Given the decades-long decline in new housing construction and the resultant skyrocketing of rents and home prices across the commonwealth, the need for more homes has become a consensus position in Virginia. However, even those who support increasing housing construction have mixed feelings about the dominant design of the times: 5-over-1 buildings — so named for the number of wood-framed residential floors over the concrete, often retail-filled ground floor.

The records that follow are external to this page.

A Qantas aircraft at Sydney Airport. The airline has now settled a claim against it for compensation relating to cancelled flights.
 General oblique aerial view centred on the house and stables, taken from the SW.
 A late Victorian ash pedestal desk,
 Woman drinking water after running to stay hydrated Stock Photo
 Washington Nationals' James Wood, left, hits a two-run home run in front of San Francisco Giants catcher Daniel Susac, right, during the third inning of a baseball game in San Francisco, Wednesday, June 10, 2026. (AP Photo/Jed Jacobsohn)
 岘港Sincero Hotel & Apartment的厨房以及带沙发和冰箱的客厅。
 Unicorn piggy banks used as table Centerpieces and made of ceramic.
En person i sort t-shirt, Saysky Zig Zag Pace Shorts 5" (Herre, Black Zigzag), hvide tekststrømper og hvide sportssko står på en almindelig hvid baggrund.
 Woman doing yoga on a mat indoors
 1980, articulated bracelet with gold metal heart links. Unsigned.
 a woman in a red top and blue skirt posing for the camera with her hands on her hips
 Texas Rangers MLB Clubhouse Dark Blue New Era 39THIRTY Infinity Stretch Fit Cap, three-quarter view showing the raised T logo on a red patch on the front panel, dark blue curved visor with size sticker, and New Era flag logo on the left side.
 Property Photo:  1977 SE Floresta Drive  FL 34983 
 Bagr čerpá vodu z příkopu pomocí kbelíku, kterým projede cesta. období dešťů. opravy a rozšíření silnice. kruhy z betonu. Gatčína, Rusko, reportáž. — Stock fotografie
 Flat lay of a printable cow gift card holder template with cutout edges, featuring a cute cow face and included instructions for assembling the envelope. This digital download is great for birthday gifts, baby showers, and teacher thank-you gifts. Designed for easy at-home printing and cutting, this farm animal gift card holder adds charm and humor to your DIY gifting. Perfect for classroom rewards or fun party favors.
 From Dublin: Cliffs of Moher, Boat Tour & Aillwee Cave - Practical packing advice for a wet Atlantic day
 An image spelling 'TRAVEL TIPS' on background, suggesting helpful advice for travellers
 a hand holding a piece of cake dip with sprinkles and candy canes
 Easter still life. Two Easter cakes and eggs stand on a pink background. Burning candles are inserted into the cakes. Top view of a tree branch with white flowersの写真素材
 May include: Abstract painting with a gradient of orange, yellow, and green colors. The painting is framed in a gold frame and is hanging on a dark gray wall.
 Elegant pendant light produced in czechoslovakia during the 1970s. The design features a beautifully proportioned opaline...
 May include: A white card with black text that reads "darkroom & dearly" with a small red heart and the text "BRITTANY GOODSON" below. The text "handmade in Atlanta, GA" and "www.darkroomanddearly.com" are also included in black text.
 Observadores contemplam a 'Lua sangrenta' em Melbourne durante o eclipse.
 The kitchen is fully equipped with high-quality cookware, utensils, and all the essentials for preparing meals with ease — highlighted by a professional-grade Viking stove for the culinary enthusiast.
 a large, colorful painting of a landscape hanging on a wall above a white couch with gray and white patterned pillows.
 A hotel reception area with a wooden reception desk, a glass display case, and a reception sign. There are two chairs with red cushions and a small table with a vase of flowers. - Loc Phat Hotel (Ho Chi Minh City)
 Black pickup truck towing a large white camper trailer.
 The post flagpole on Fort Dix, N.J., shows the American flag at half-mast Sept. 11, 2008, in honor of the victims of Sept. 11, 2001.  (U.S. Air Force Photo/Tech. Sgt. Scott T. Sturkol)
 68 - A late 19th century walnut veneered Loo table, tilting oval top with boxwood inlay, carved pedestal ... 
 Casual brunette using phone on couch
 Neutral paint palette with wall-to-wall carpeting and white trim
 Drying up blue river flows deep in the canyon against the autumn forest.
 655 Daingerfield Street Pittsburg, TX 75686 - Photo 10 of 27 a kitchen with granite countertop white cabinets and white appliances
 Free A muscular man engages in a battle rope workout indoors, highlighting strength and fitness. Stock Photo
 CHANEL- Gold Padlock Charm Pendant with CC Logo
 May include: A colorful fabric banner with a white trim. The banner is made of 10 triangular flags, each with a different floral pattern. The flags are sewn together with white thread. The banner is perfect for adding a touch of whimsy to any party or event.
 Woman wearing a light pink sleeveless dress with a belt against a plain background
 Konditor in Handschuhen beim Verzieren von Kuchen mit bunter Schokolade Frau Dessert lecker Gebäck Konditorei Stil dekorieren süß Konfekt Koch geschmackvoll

Such massive, boxy apartment buildings are all too often the only type of structures developers are interested in erecting due to the demands of the state’s building codes. A proposal to alter such standards heard before a Department of Housing and Community Development building code stakeholder committee last month may soon offer alternatives. If a rule to allow new construction to have a single staircase up to six stories is approved, then smaller buildings that better foster community among residents could begin popping up in cities and towns across the commonwealth.

Older than building codes

After the approval of a new comprehensive plan for Charlottesville, Planning Commission chair Lyle Solla-Yates realized much of the plan’s ideas for equitable infill and missing middle housing weren’t allowed under the statewide building codes. That’s why he petitioned the DHCD technical subcommittee in charge of the codes to authorize single staircase buildings up to six stories late last year. The proposal has been under review ever since. Should DHCD’s stakeholders board come to a consensus in favor of the change, the building codes could be amended as soon as the start of the next calendar year.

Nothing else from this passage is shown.